One day in the summer, and the summer isn’t all that long in Manitoba, Canada, it seems to me that I could never really tell when it had come and gone it was so short, Pa was making hay bales along with his pray’n neighbour. The “Christian” got mad and Pa thought to himself “told you I was better”. However, a short while later Pa couldn’t find his friend, so he went looking for him, there he found him in behind the stack of bales on his knees crying out to God for forgiveness. This time Pa thought, “This man knows God”.  Grandpa will tell you, if you sit down beside his old chair with the sheep skin on it and listen to him, that that day out in the field, got him to thinking about God and Pa’s sins.

Not to long after that day in the field, Grandpa’s good pray’n neighbour died, and Pa went to the funeral. For the first time in his life her heard a preacher stand up and talk about God loving Pa so much that he sent His only Son to die to pay for Grandpa’s sin. Pa came out of the church and “lit up” and stood in a circle with a bunch of his drink’n buddies. One of whom Pa thought, was the worst, spoke up and said: “If you want the truth the preacher preached it today”. Grandpa slipped away from the group and went home without being able to stop thinking about what he had heard.

At the funeral service the preacher said that there would be some special nightly services to which all were welcome.
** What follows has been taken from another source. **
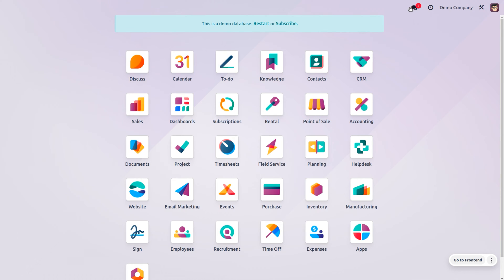To-Do is a software tool designed to help teams manage their tasks and organize their work. In Odoo 17, we have a new application which has replaced the Note app from Odoo 16. Let's see how it works by getting into the To-Do module.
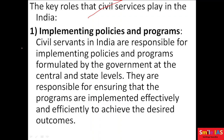Civil servants in India are responsible for implementing policies and programs formulated by the government at the central and state level. They are responsible for ensuring that the programs are implemented effectively and efficiently to achieve the desired outcomes.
After talking it over with Grandma, they both decided to go and hear the preacher. A few nights later the preacher opened his Bible to John 19:30, it says: “IT IS FINNISHED” he went on to explain that Jesus paid for the sin of all who believe when he died on the cross. Neither Pa nor Ma talked to each other but they where thinking that they would go home and check and see what the German bible said.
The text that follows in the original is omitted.